▶ [Goal of the exercise]:
Produce a word-for-word copy of the line that contains "STZ Industries 1" and each line after it through the end of the material, omitting pictures and all other lines.

▶ [Data provided]:

•••

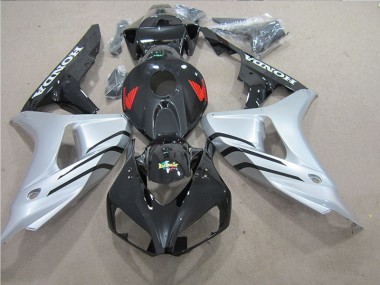 Honda CBR 1000 RR 06-07 Verkleidungen - Schwarz Silber Rot Aufkleber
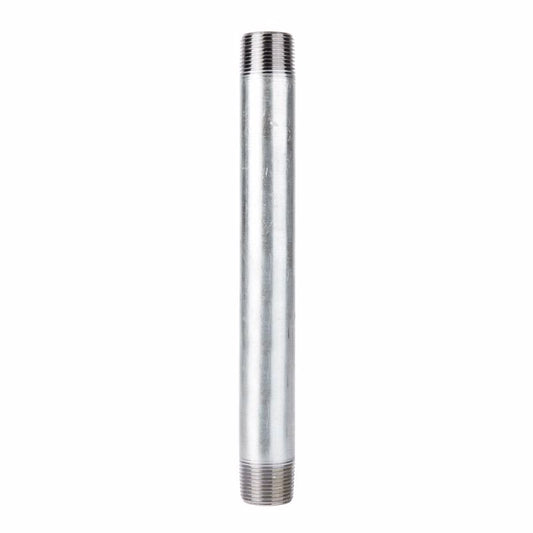 STZ Industries 1 in. MIP each X 1 in. D MIP Galvanized Steel 11 in. L Nipple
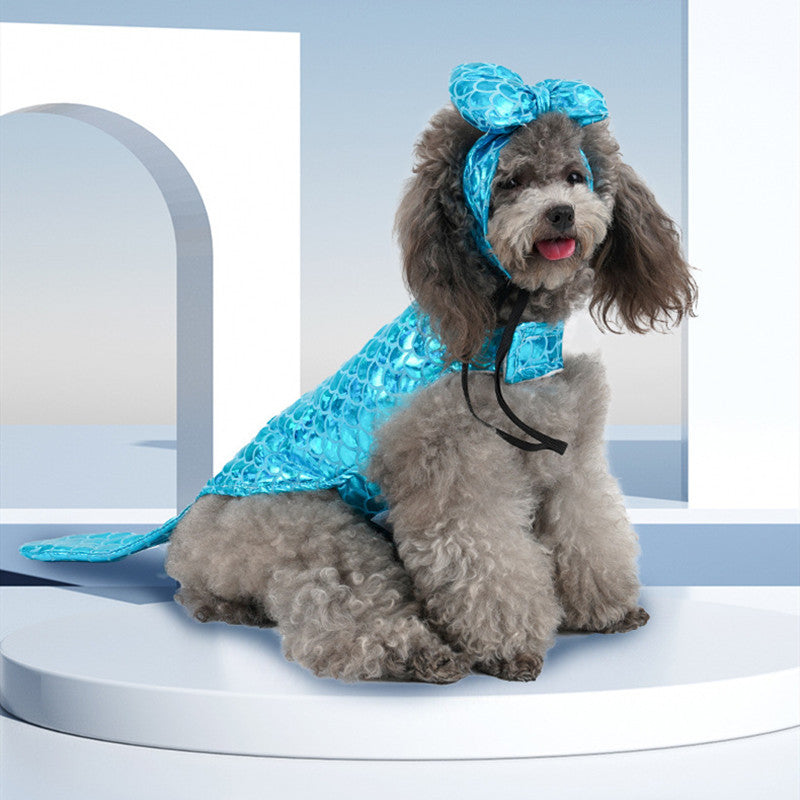 Mermaid Accessories Small Dog Cat Dog Clothes Purrfect Pawz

•••

▶ [Task answer]:
 STZ Industries 1 in. MIP each X 1 in. D MIP Galvanized Steel 11 in. L Nipple
 Mermaid Accessories Small Dog Cat Dog Clothes Purrfect Pawz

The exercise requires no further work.